[Start of section]

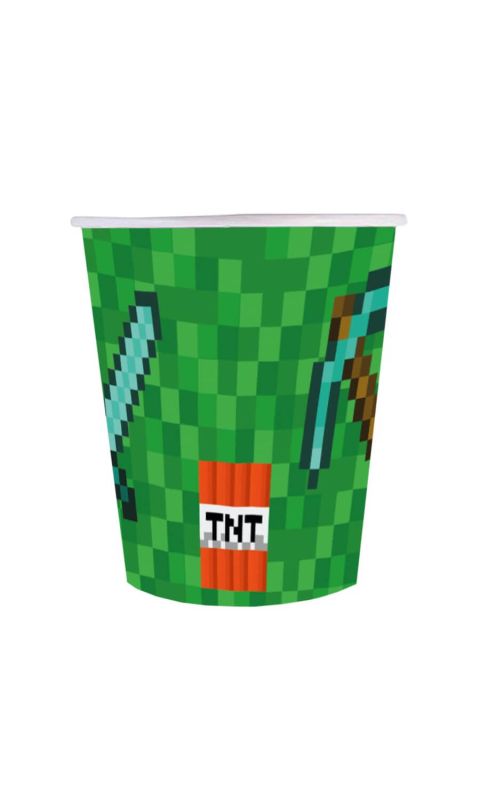 Kubeczki papierowe piksele TNT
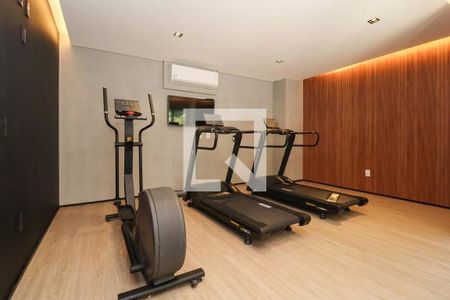 Studio para alugar com 22m², 1 quarto e sem vaga Studio para alugar com 22m², 1 quarto e sem vagaÁrea comum - Academia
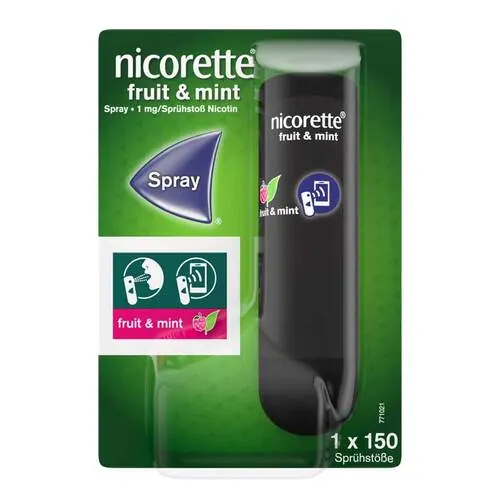Nicorette Fruit & Mint Spray 1 mg / Sprühstoß Nfc, 1 St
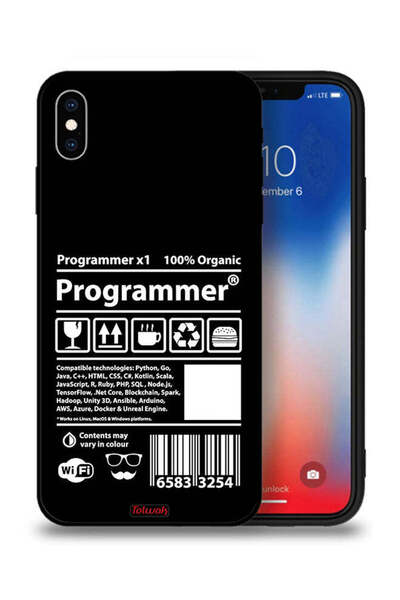 Tolwak ملصق مبرمج لحافظة الحماية لجهاز Apple iPhone XS Max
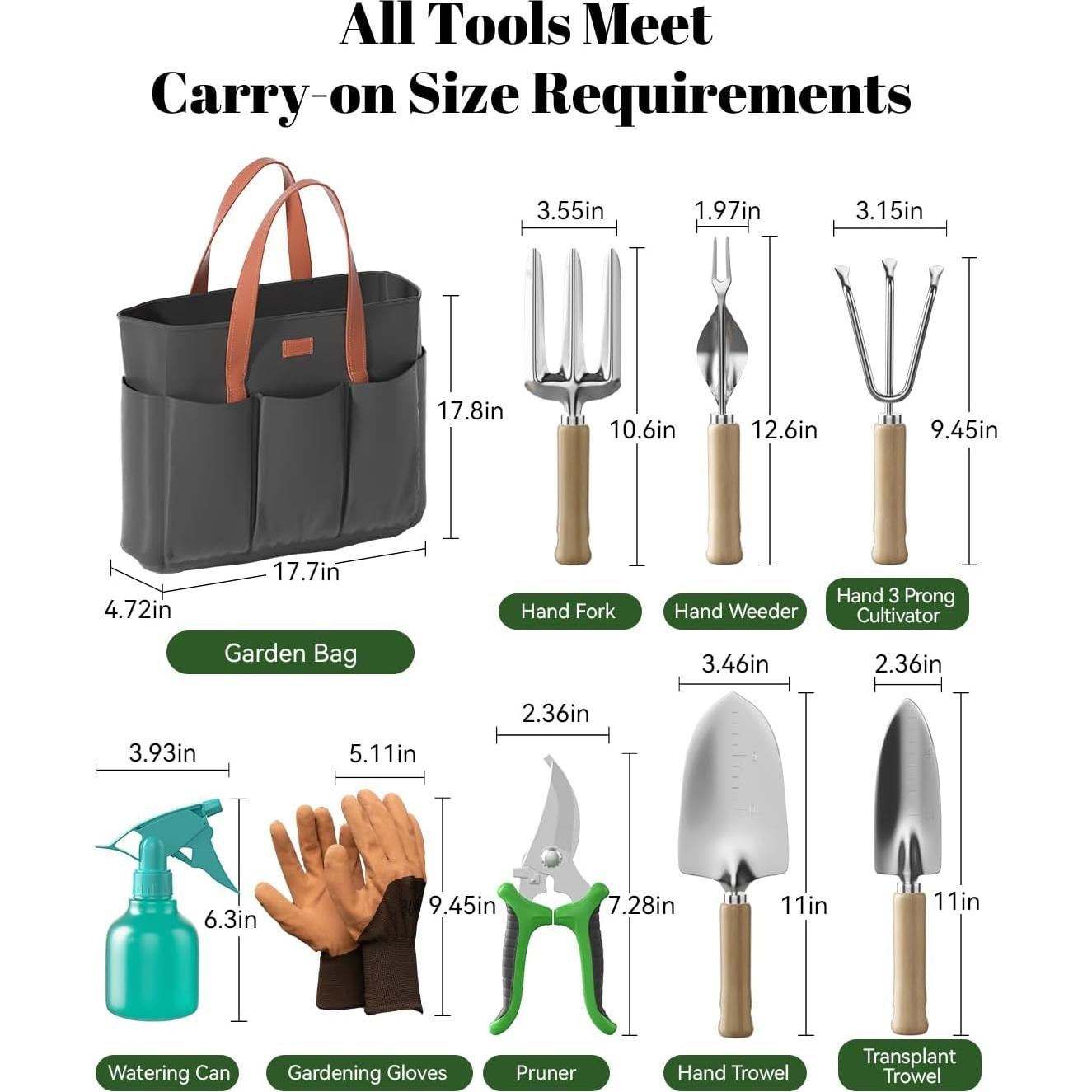 Conjunto de Herramientas de Jardinería VerdantVibes 9 Piezas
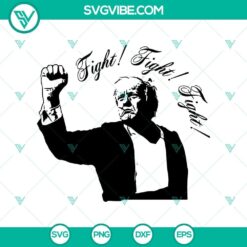 Trump rally shooting SVG design for 2024, featuring Fight Fight Fight Trump shooting theme. Ideal for Cricut projects.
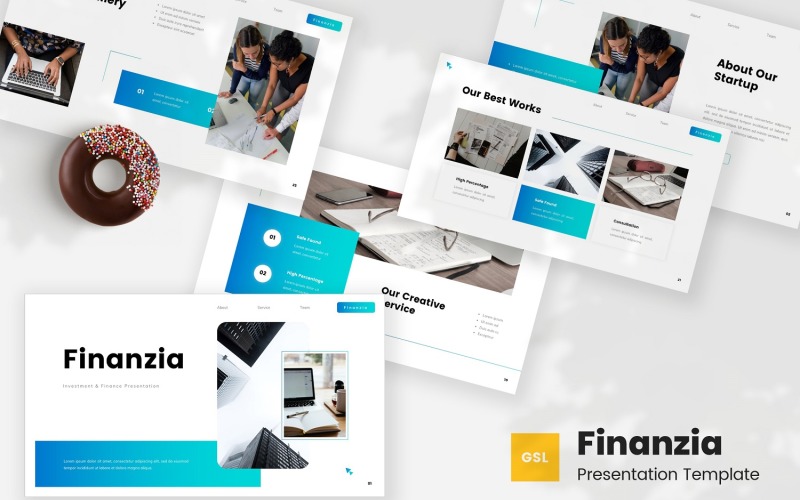 Finanzia - Modello di presentazione Google per investimenti e finanza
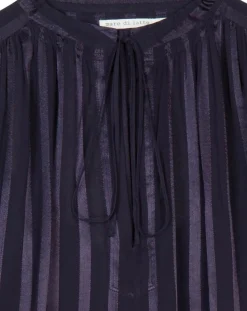 Mare di Latte Tops Et Blouses|Blouse Elene à rayures encre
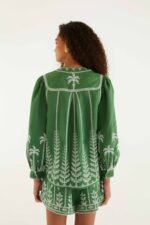 Bicolor Cross Stich Embroidery Shorts - Image 3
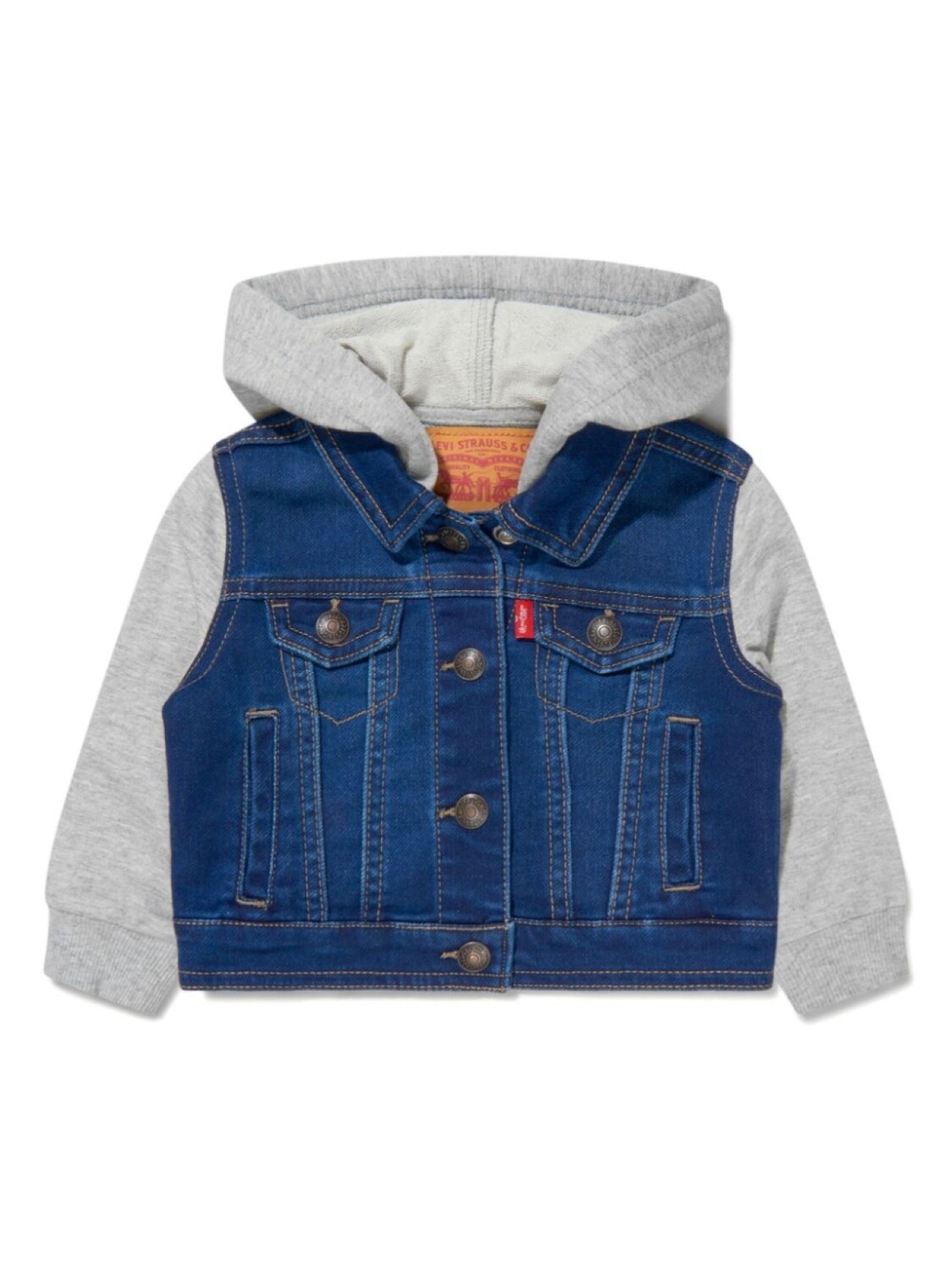 

Levi's Kids джинсовая куртка с капюшоном, синий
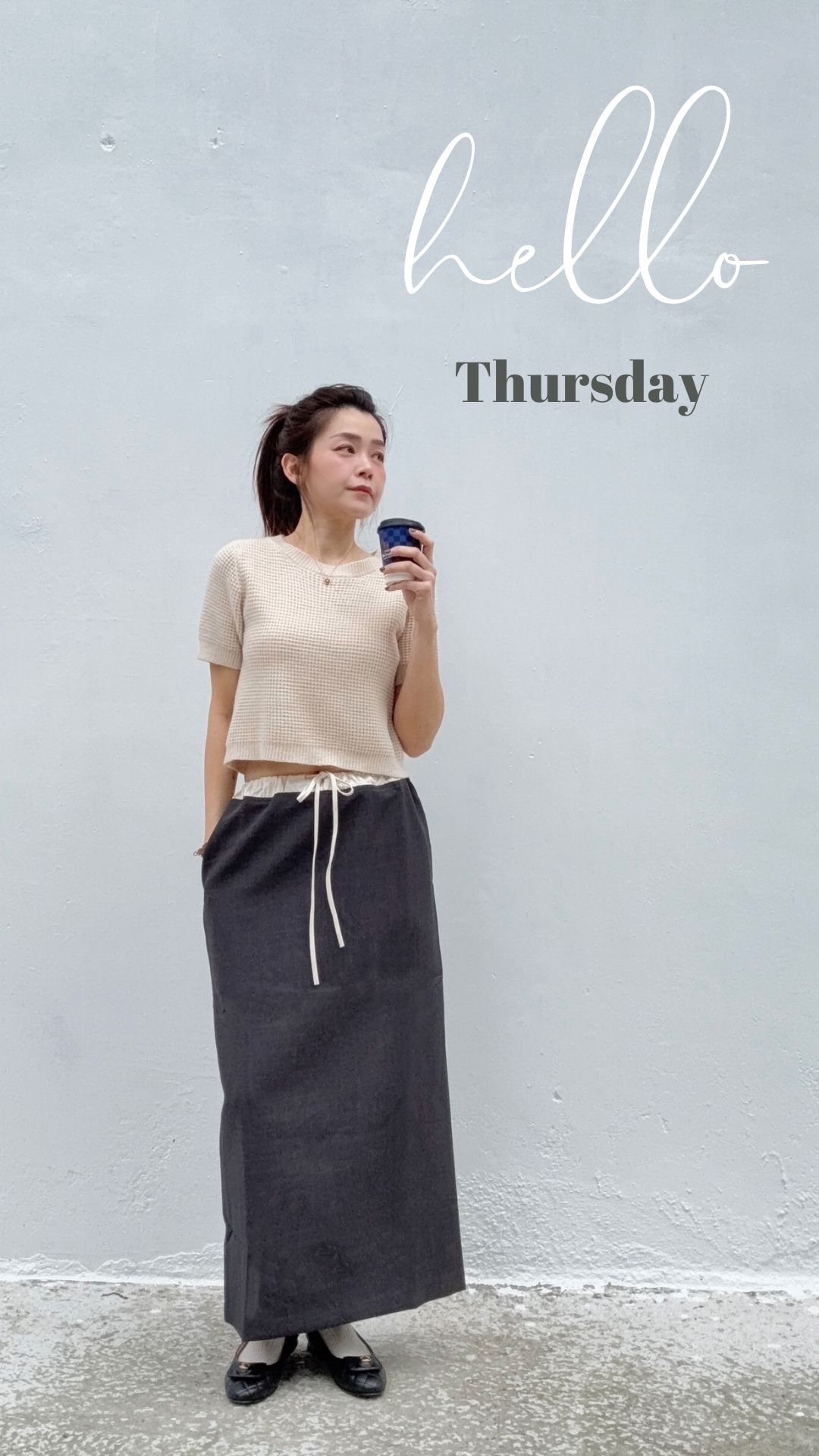 正韓春季針織短袖粉嫩上衣-仿佛把雲朵穿在身上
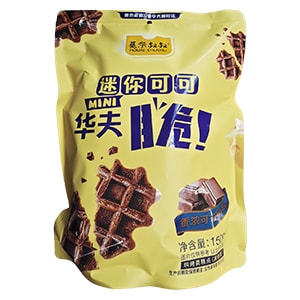 150g莫奈叔叔华夫脆迷你可可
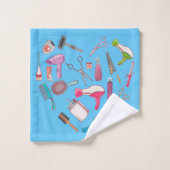 Friseurhandwerkzeug Badhandtuch Set (Waschlappen)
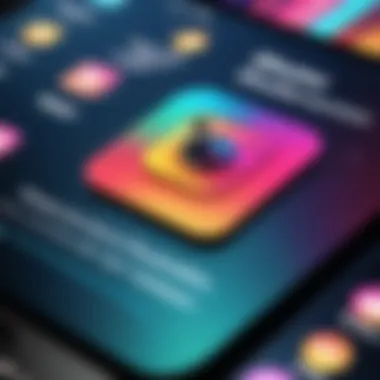 Exploring the Music Selection Feature User interface showcasing the music selection feature on Instagram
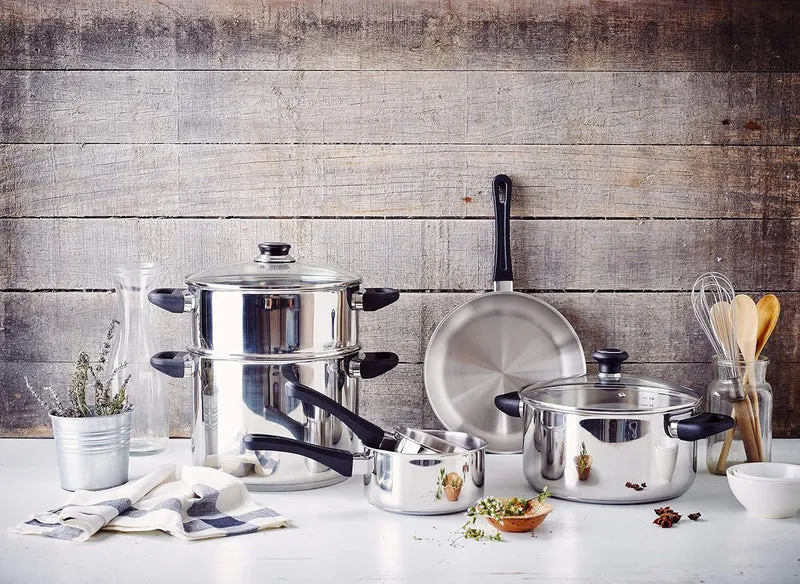 Beka Polo Couscous Topf, Edelstahl, 24 cm, 3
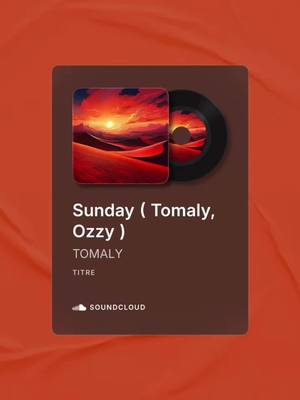 A post by @tomaly_ on TikTok caption: New release ! 🫶🏽 #soundcloud #musique #sunday 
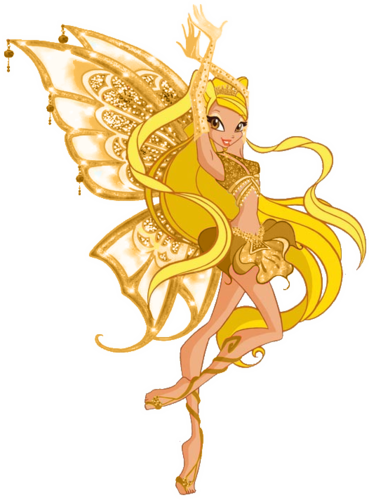 The Winx Club Wallpaper Titled Stella Gold Enchantix - Winx Club Enchantix Stella (369x500)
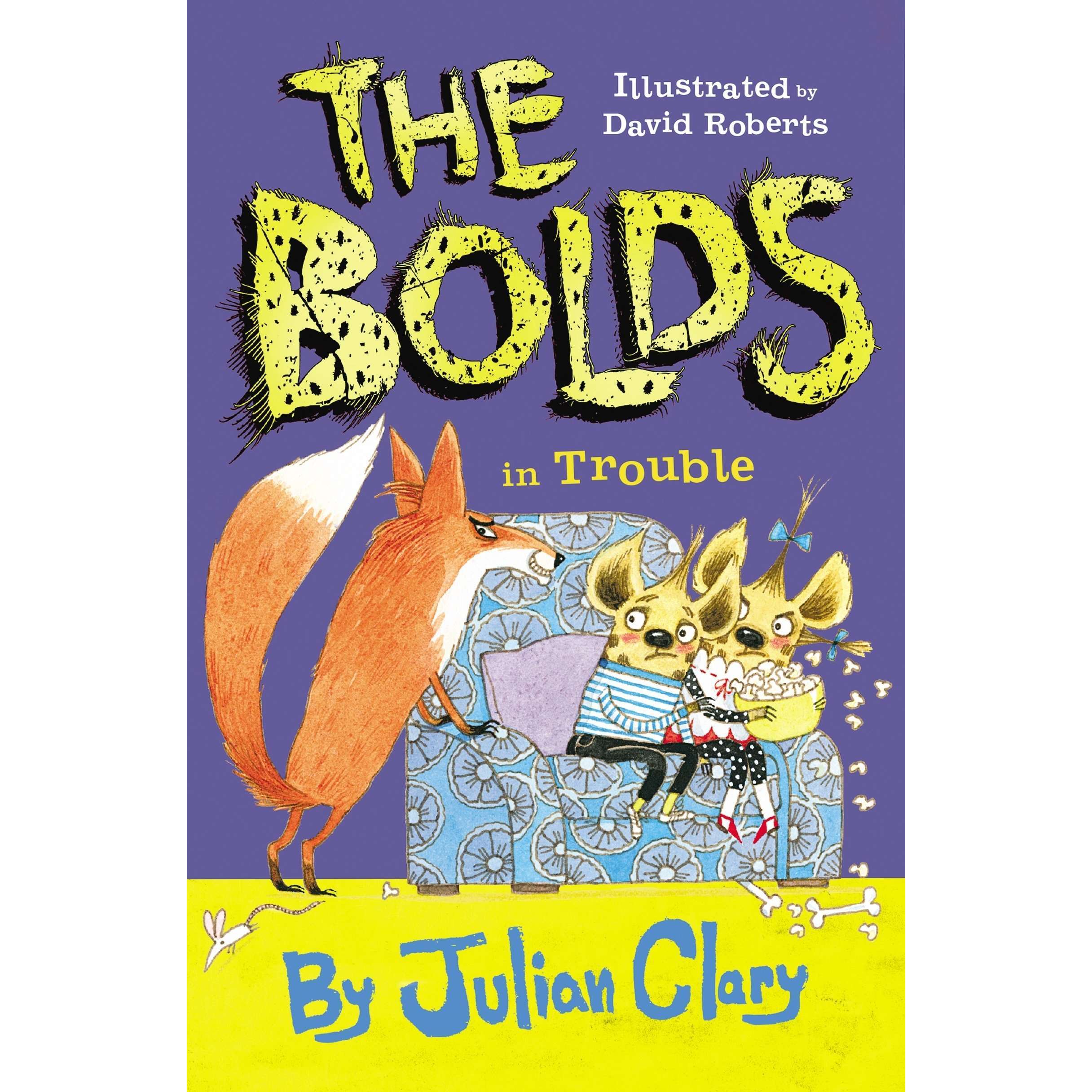 Julian Clary 4 Books Collection Set Bolds,Bolds to the RescueBolds on Holiday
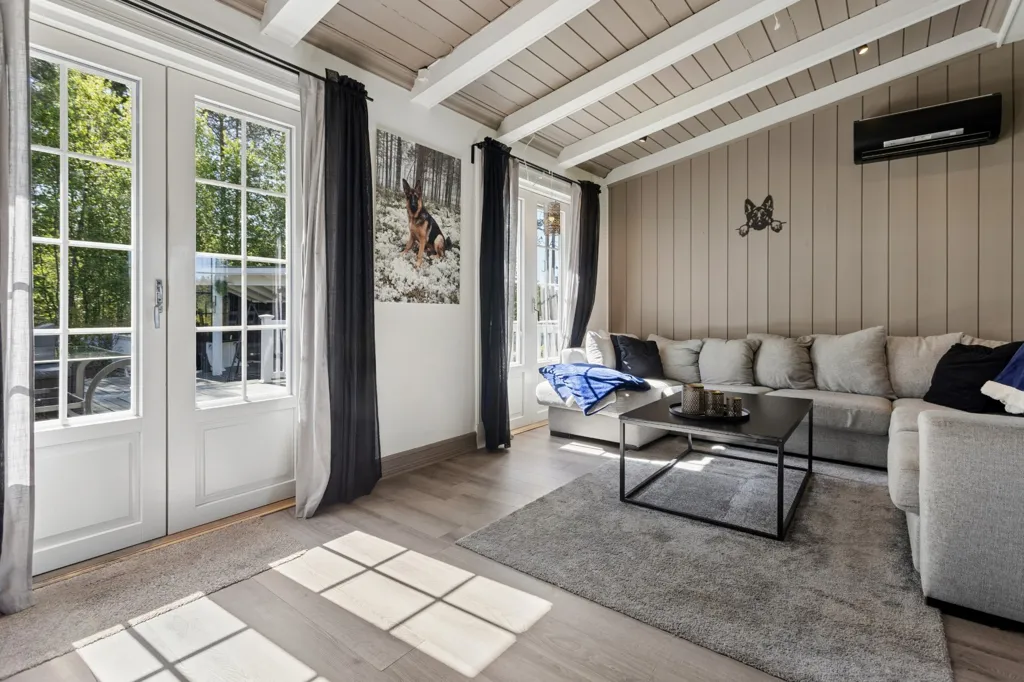 Séjour - Cottage with Glomma Proximity in Braskereidfoss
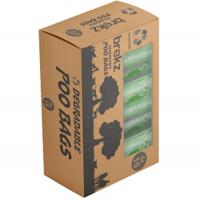 Brekz biologisch afbreekbare poepzakjes (6x15 stuks) 5 verpakkingen - thumbnail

[End of section]

• [Work item]:
Look above for the line containing "Beka Polo Couscous Topf, Edelstahl, 24 cm, 3", then write out every line from there down to the line containing "Séjour - Cottage", that line included, with no pictures.

• [Output]:
 Beka Polo Couscous Topf, Edelstahl, 24 cm, 3
 A post by @tomaly_ on TikTok caption: New release ! 🫶🏽 #soundcloud #musique #sunday 
 The Winx Club Wallpaper Titled Stella Gold Enchantix - Winx Club Enchantix Stella (369x500)
 Julian Clary 4 Books Collection Set Bolds,Bolds to the RescueBolds on Holiday
 Séjour - Cottage with Glomma Proximity in Braskereidfoss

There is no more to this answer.